We hoped to spend a day or two at Arrial do Cabo, a beautiful and popular area close to Cabo Frio, but we rounded it just after midnight on a pitch black night. One of the cardinal rules of cruising is to never arrive at a foreign harbour (or anchorage) at night, so we pushed on, seemingly having to thread our way between the little islands and hoping that the electronic charts were accurate; a pretty good bet however for such a well-known area.
Buzios to Salvador
Short as it was, it had proved a challenging passage, and both being fatigued, we decided to pull into Buzios at about nine o’clock the next morning. Then, after a good night’s rest, we both woke up with itchy feet and decided to lift anchor to utilise the pleasant zephyr of a breeze. The sea had flattened out in the shelter of the cape and we cruised along gently, enjoying morning coffee and banana loaf which Karin had baked, using bananas that I thought should have been consigned to the bin – but apparently are best for this recipe. This time we were ultra cautious to prevent her from getting sick again, so she spent as little time as possible down below.

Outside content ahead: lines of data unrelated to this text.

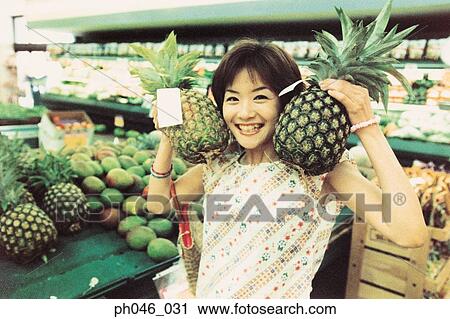 Young woman holding pineapples in fruit store View Large Photo Image Stock Image - Young woman holding pineapples in fruit store. Fotosearch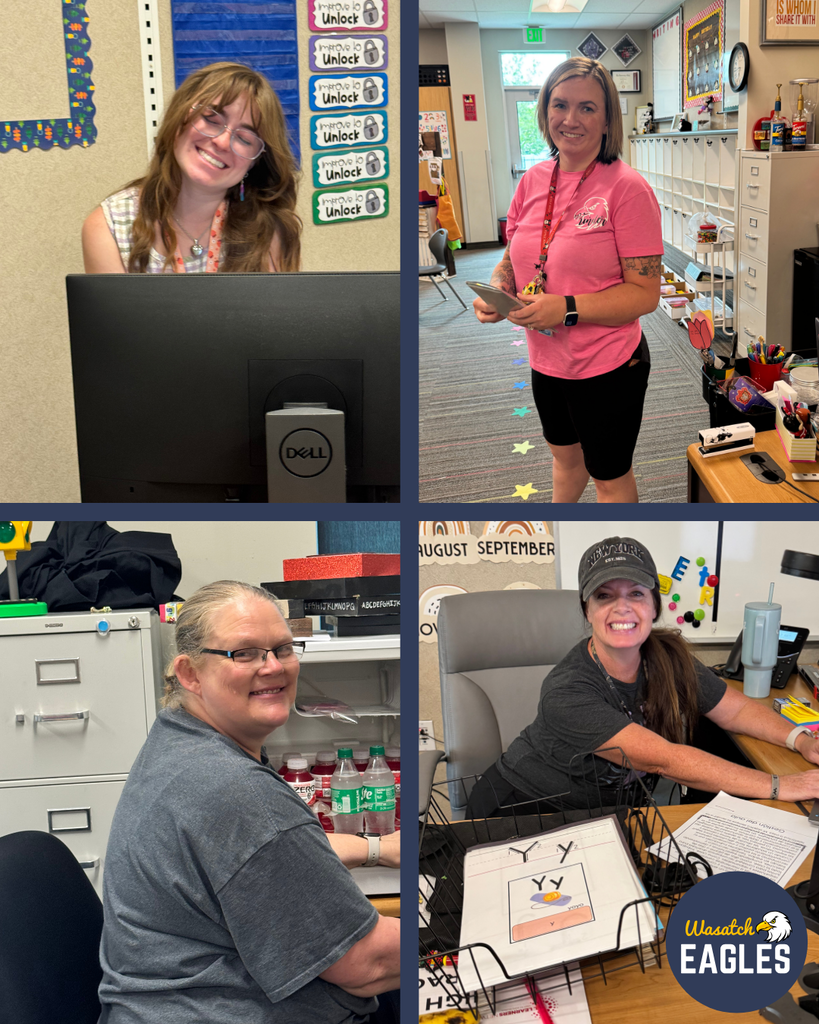Four-photo collage showing staff members preparing for the new school year in classroom and office settings. In the top left, a staff member works at a desk behind a computer monitor in a classroom. Colorful classroom visuals and progress charts labeled "Improve to Unlock" are displayed on the wall behind the desk. In the top right, a staff member stands in a classroom hallway area holding a tablet, with cubbies, classroom supplies, and student organization spaces visible in the background. In the bottom left, a staff member sits at a workspace organizing supplies near filing cabinets, storage shelves, and beverages. In the bottom right, a staff member works at a desk with student learning materials, letter cards, and paperwork organized in trays. A bulletin board displaying the months "August" and "September" is visible behind the desk. The Wasatch Eagles logo appears in the lower-right corner. The collage highlights staff members preparing classrooms, materials, and learning spaces for students' return.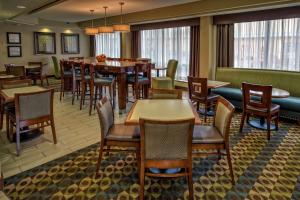 a dining room with tables and chairs and windows at Hampton Inn Charlottesville in Charlottesville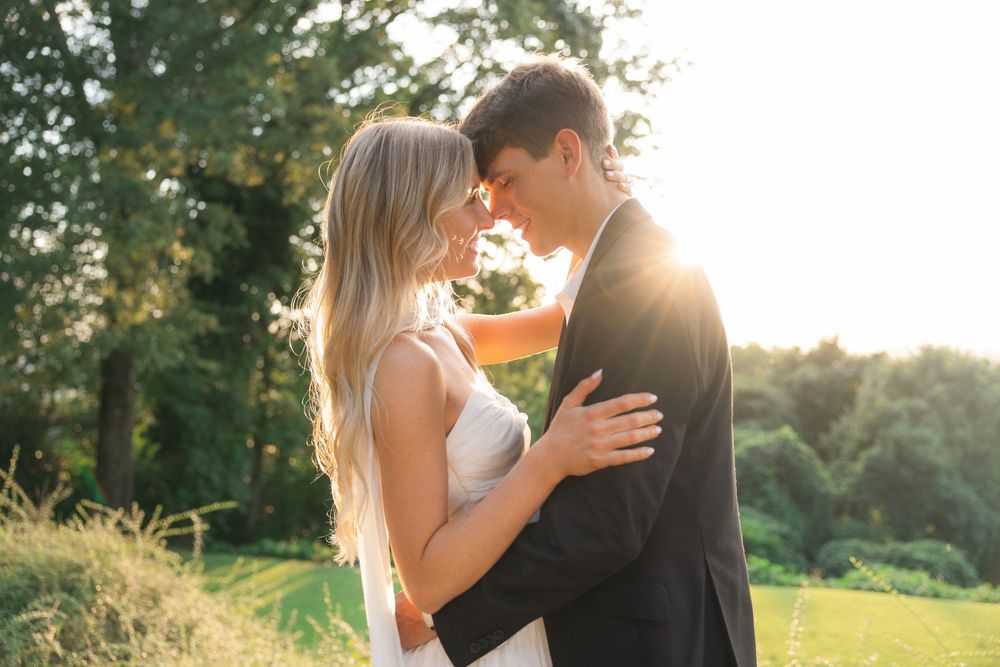 Bride and groom share romantic moment touching foreheads in golden sunset garden light.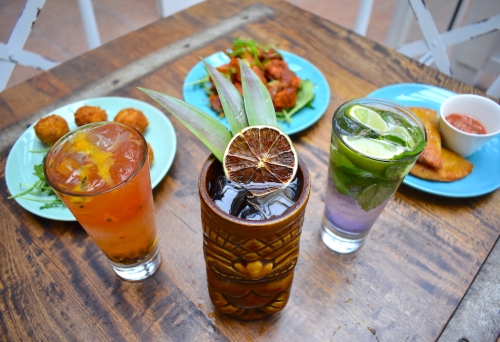 Drinks in glasses and three plates of food at Barbossa Bar & Bottleshop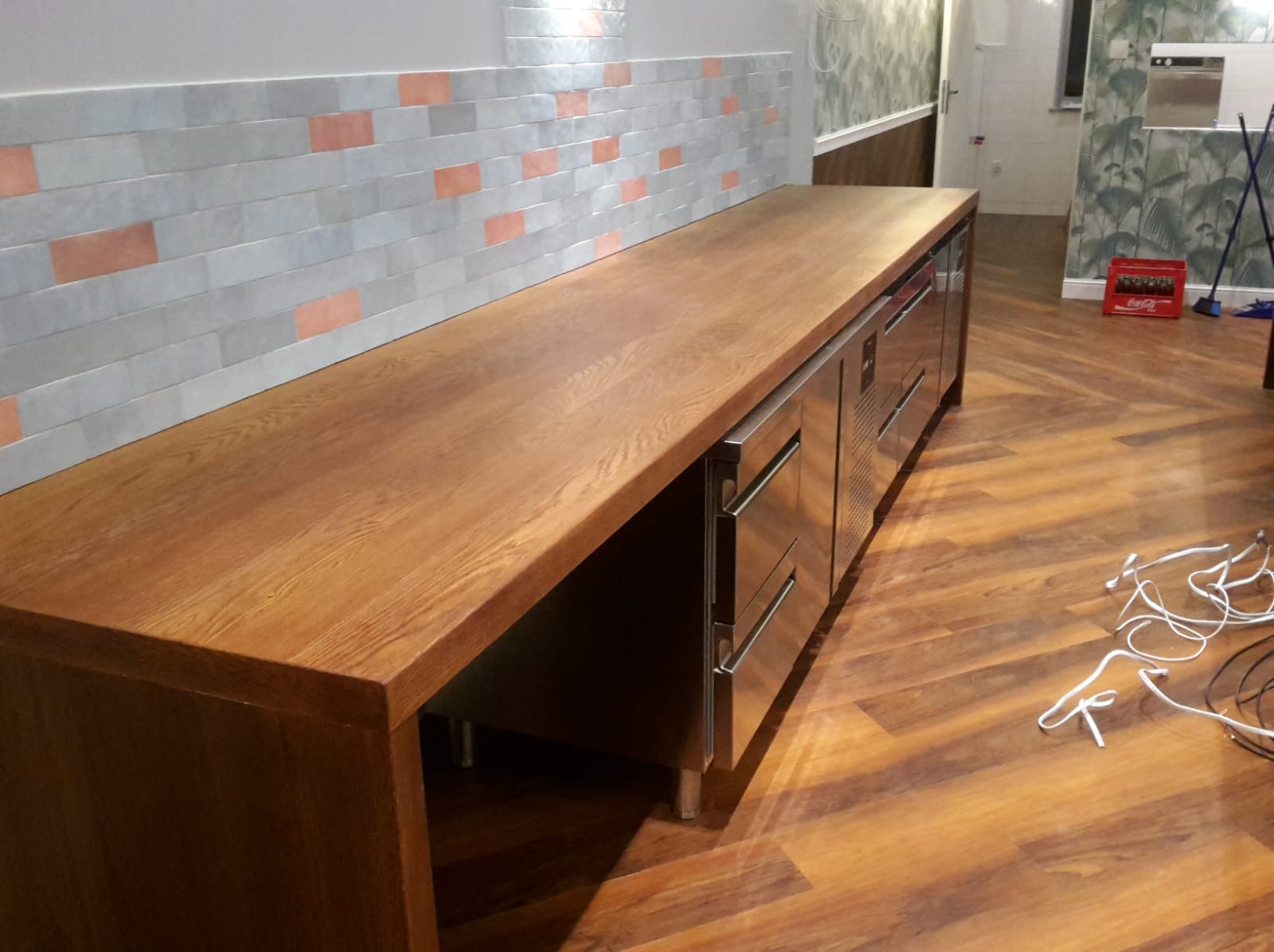 Długi, drewniany blat z szafkami ze stali nierdzewnej, umieszczony pod ścianą z dekoracyjnymi płytkami. Widoczne elementy wyposażenia kuchni i podłoga z paneli.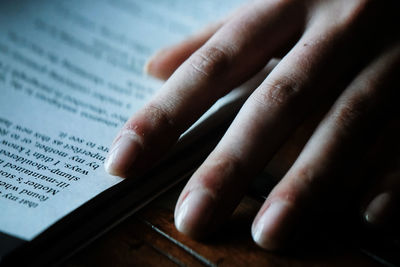 High angle view of hand on book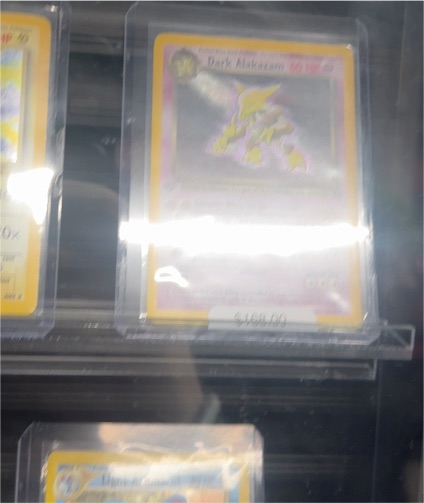 1999 Pokémon Team Rocket #18 Dark Alakazam — front
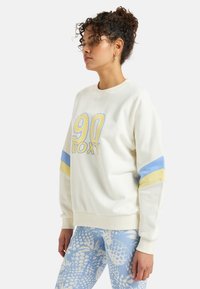 Cream-colored sweatshirt with blue and yellow stripes, featuring a large "90 Roxy" logo. Soft fabric with a relaxed fit and ribbed cuffs.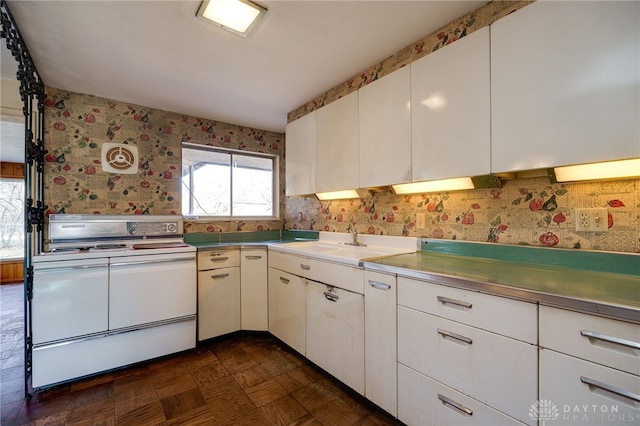 kitchen with white cabinetry, dark parquet floors, sink, and range with two ovens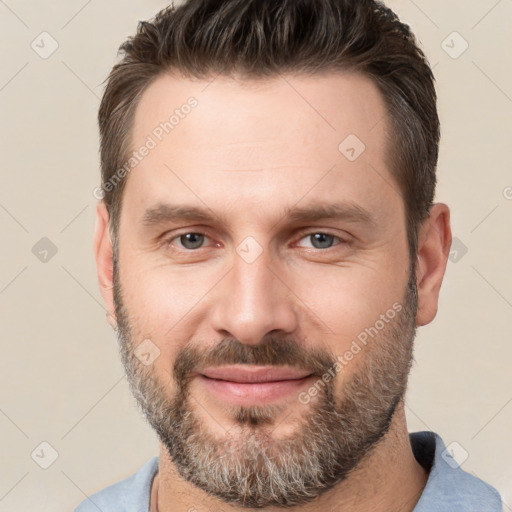 Joyful white adult male with short  brown hair and brown eyes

We hoped to sail offshore to pick up some breeze, but as the wind direction changed in the late afternoon, we decided to find shelter for the night at Ilha de Santana, which is about 8km off Macae. The latter is the operational shore base for the nearby offshore oil rigs and this area is busy with service boats, tankers, barges and ferries. However, we found a peaceful anchorage just off the main island of the Sant’Anna archipelago, an environmentally protected area.
Running along the coast, 40 nautical miles offshore and stretching for about 60 miles, is Brazil’s biggest oil field, with about 100 rigs in operation. They are fortunately easy to see at night but one has nevertheless to be careful to stay well clear.
A bit more challenging were the local fishing boats that don’t have the correct navigation lights and with crews that sleep at night. Whenever we saw a boat with one single white light which didn’t show up on our automatic ship identification system (AIS), we were extra cautious, mindful that they could have lengthy nets strung out. Complicating matters was the fact that our AIS system tended to go on the blink, always it seemed when we most needed it at night.
At Vitoria the rain started and from there on, for the next four days, we had many squalls with accompanying rough seas, gusts and spray over the boat. On one of her night watches Karin noted a blast of 26 knots and was thankful that we had reefed the main sail and reduced the genoa before night fall.
Salvador and Itaparica island
We again felt quite fatigued by the time we reached Salvador and headed across the big bay to the northern point of Itaparica island where the quiet little village of Itaparica is situated. We dropped anchor around midday and I had a short rest before changing the engine oils and filters.
Whilst I was busy finishing this, Karin realised that the adjacent boat had came dangerously close. Nobody was on board and it was dragging its anchor, so we had no choice but to raise our anchor amidst a hectic rainstorm and move Moondust to safety.
We mainly spent the next week or so at Itaparica doing maintenance jobs, filling up the larder, going to Salvador by ferry to clear in and out and to do some boat shopping.
Thankfully, albeit after rewiring the AIS system, I deduced that the intermittent fault was caused by radio frequency emissions from the power saving LED globe that I had put into the mast head light which affected the VHF aerial alongside it. Karin winched me up the mast once more and I inserted the old incandescent globe – the AIS problem was solved!
Itaparica is a surprisingly quiet village, relative to Mar Grande and Bom Despachio from where the ferries leave for Salvador.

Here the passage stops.